*Problem description*.
Type out each entry exactly.

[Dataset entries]
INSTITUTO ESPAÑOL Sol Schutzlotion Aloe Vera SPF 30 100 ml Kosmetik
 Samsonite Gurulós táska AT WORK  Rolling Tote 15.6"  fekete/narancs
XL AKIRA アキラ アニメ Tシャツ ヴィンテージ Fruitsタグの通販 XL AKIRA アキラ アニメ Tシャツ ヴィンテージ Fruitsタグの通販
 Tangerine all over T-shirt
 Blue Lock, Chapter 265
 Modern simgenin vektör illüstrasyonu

*Exercise result*.
INSTITUTO ESPAÑOL Sol Schutzlotion Aloe Vera SPF 30 100 ml Kosmetik
 Samsonite Gurulós táska AT WORK  Rolling Tote 15.6"  fekete/narancs
XL AKIRA アキラ アニメ Tシャツ ヴィンテージ Fruitsタグの通販 XL AKIRA アキラ アニメ Tシャツ ヴィンテージ Fruitsタグの通販
 Tangerine all over T-shirt
 Blue Lock, Chapter 265
 Modern simgenin vektör illüstrasyonu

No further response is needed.